Son loses bid to get share of house payment
A court case filed by a son against his mother was dismissed by Mr Justice Tonio Mallia, sitting in the First Hall of the Civil Court. The court recommended the parties would reconcile. The judgment was delivered in the case filed by the son against...
A court case filed by a son against his mother was dismissed by Mr Justice Tonio Mallia, sitting in the First Hall of the Civil Court.
The court recommended the parties would reconcile.
The judgment was delivered in the case filed by the son against his mother who demanded she pay him Lm10,000 representing his share of the money she had received for renouncing to her right to an inherited lease.

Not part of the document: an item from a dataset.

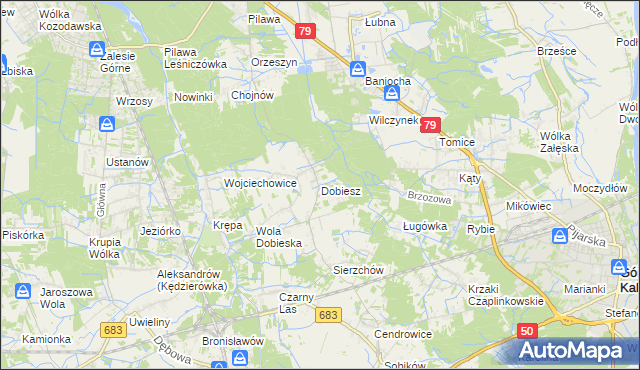 mapa Dobiesz, Dobiesz na mapie Targeo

The court heard that the son used to live with his mother and three other siblings in a house in Ta' Xbiex which had originally been leased to his father. Upon the death of the father, in 1981, the lease was inherited by the mother, and this in terms of the law governing the lease of urban property.
Mr Justice Mallia noted that the law expressly provided that upon the death of a tenant, the lease devolved exclusively upon the surviving spouse (in this case the widow) irrespective of whether her children were living with her or not.
Receipts for payment of rent were issued only in the mother's name.
The landlord had wished to sell the house and the prospective buyers had entered into an agreement with the mother whereby they undertook to pay her Lm50,000 if she would vacate the house early. As a result, the mother renounced to the lease and received the sum offered. The son claimed he was entitled to one-fifth of such sum.
The buyers and the family in question entered into an agreement whereby the four children undertook to vacate the premises too. But the agreement did not entitle the son to share the compensation with his mother, for the payment had been made only to her.
The court, therefore, dismissed the son's writ, auguring that the son and mother would attempt to try to rebuild their relationship.